Forest Service closes overnight camping in Alpine County |

Forest Service closes overnight camping in Alpine County

Staff Reports
Parts of the Carson Iceberg wilderness in Alpine County are closed to camping. U.S. Forest Service photo

At the request of Alpine County in California, all Humboldt-Toiyabe National Forest lands within the boundaries of the county will be temporarily closed to overnight camping starting on Saturday. 

“We recognize that this overnight camping restriction comes at a time when many are seeking respite in natural areas,” said Forest Supervisor Bill Dunkelberger. “However, this temporary closure is to support state, county, and local authorities in controlling COVID-19 pandemic.”

“We appreciate the public’s cooperation in helping us keeping our vulnerable rural counties and communities safe,” added Dunkelberger.

As the weather warms up and the skies clear, Humboldt-Toiyabe National Forest officials expect larger-than-normal crowds over the weekend and would like to remind outdoor enthusiasts that while trails remain open, crowded recreation areas and parking lots are places where coronavirus transmission could occur. 

“We understand how important it is for people’s physical and mental health to get outside and exercise during the COVID-19 pandemic. At the same time, it is important that the public honors the States’ “Stay at Home” directives to not travel for recreation needs. If some time outside is needed, please keep close to home in areas where social distancing can be practiced,” Dunkelberger said.

All Forest campgrounds, group day use areas, visitor centers, and offices are closed in Nevada as well as a portion of eastern California. In addition, the popular Buckeye Hot Springs and dispersed camping and day use area along Buckeye Road on the Bridgeport Ranger District in California are closed. The Forest has also restricted group sizes to no more than nine people in an area.

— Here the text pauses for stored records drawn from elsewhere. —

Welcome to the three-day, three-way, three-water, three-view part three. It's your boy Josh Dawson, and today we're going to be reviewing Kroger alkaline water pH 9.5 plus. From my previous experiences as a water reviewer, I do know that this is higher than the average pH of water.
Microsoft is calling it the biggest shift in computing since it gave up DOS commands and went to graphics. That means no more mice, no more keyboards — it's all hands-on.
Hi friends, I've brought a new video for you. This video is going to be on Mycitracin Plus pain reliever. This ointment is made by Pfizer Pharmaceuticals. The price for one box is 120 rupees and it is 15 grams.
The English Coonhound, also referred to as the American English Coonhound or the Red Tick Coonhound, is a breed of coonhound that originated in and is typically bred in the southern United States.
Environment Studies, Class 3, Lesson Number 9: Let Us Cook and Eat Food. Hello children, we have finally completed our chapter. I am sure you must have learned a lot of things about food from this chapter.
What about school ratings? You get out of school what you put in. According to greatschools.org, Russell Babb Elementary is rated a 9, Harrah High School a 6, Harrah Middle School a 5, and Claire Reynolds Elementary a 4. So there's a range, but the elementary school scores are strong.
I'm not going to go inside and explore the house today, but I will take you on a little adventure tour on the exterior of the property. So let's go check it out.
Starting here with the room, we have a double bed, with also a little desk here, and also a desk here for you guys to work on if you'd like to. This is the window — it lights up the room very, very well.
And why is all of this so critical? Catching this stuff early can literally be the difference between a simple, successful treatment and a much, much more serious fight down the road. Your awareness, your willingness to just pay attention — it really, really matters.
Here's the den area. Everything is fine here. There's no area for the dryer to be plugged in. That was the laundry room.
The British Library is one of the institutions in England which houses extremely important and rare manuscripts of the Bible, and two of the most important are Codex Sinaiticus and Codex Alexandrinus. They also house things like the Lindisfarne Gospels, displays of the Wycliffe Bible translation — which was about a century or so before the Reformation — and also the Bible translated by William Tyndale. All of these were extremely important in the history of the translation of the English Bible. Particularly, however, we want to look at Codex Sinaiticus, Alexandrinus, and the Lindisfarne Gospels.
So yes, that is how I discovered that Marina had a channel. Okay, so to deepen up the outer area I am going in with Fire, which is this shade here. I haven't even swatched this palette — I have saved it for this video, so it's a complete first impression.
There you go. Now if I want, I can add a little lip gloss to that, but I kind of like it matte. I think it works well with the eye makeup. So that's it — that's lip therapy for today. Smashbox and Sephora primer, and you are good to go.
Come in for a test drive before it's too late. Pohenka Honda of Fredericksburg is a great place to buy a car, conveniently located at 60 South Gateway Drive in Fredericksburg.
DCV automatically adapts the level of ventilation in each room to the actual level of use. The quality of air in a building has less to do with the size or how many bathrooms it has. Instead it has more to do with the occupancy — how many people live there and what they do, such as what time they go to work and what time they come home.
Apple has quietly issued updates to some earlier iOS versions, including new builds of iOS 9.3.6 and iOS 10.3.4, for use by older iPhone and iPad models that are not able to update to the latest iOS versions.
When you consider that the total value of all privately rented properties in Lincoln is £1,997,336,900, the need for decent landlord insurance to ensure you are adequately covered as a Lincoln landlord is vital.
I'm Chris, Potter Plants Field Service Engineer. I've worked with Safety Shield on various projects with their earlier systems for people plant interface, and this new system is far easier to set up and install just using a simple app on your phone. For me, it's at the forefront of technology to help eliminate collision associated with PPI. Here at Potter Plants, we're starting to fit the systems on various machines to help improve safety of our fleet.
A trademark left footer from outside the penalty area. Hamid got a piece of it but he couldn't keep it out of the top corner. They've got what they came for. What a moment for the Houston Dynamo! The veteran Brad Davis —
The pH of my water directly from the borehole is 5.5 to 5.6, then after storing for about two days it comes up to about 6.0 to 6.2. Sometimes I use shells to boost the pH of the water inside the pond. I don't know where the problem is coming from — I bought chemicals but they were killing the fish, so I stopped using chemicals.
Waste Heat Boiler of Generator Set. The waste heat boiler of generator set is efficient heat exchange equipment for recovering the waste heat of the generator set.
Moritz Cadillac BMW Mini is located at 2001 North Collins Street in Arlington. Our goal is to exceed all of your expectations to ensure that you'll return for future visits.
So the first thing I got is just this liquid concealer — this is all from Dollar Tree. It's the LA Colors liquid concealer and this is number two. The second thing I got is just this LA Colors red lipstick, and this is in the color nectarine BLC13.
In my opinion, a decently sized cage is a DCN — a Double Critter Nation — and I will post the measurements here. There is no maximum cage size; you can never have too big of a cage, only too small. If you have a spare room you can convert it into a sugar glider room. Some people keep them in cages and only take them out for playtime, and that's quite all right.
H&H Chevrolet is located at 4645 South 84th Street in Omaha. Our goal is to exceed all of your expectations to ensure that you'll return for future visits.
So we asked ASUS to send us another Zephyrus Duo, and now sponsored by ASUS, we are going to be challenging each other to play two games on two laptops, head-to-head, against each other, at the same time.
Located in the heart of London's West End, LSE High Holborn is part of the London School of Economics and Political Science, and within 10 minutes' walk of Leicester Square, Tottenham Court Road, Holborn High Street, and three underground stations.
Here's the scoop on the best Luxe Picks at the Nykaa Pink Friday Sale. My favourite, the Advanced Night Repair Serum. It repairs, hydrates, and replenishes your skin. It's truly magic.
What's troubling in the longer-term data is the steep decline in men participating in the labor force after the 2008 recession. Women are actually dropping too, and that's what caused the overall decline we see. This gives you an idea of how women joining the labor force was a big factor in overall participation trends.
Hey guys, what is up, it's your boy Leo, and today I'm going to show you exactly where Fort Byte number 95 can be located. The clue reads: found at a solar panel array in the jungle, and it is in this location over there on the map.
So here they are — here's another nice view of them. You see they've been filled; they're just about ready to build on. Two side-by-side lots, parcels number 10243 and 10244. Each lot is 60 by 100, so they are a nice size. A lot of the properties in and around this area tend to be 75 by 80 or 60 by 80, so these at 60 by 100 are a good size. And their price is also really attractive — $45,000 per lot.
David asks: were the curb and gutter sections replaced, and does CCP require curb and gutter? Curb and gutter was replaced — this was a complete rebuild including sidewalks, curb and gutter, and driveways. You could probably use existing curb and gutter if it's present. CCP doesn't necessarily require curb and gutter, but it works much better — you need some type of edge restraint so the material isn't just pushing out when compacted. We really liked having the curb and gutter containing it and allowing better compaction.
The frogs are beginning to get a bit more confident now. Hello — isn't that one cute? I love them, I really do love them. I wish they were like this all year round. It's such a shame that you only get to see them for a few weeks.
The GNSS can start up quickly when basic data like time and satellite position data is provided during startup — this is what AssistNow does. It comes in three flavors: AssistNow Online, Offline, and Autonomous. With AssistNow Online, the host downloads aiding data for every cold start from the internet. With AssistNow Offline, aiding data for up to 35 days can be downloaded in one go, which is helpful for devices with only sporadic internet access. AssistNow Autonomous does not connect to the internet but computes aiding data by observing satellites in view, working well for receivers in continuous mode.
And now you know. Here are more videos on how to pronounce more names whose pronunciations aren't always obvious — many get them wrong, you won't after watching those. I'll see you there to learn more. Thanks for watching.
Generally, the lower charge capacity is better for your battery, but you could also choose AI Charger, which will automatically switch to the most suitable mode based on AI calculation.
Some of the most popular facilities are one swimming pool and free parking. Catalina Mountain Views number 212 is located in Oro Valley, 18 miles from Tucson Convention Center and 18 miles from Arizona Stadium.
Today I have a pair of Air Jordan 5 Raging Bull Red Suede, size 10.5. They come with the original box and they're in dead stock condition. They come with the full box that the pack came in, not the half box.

“Our priority is always to protect the health and safety of both the public and our employees,” Dunkelberger said. “We are monitoring heavily used areas on the Forest and will adjust management of these areas as appropriate to best meet social distancing direction and keep group sizes small. We are committed to supporting our communities and fulfilling our mission as we all work together to minimize the impacts and spread of the virus,”

Fire restrictions have been put in place earlier than normal to reduce firefighter exposure and to help prevent routing critical fire and medical resources to help fight human-caused wildfires. Currently, the following is prohibited on the Forest:

  • Igniting, building, maintaining, attending or using a fire, including charcoal grills and barbecues, coal and wood burning stoves, and sheepherder’s stoves.
  • Smoking, except within an enclosed vehicle, trailer, or building.

These actions were taken based on the best available medical advice to limit gatherings of large numbers of people, to promote social distancing, and to support Nevada and California “Stay at Home” directives. 

“Visiting public lands while facilities are closed due to the COVID-19 pandemic can leave major impacts on the environment, such as trash and human waste accumulate on the landscape,” added Dunkelberger. “Many small actions have a magnified effect.”

Forest Officials are asking the public to follow Leave No Trace principals (, plan ahead, be prepared, stick to trails, and dispose of both trash and human waste properly.

The public should also be aware that many of the Forest campgrounds, roads, trails, and wilderness areas are not accessible until Memorial Day, especially on the high elevation Ranger Districts like Austin-Tonopah, Bridgeport, Ely, Mountain City-Ruby Mountains-Jarbidge and Santa Rosa.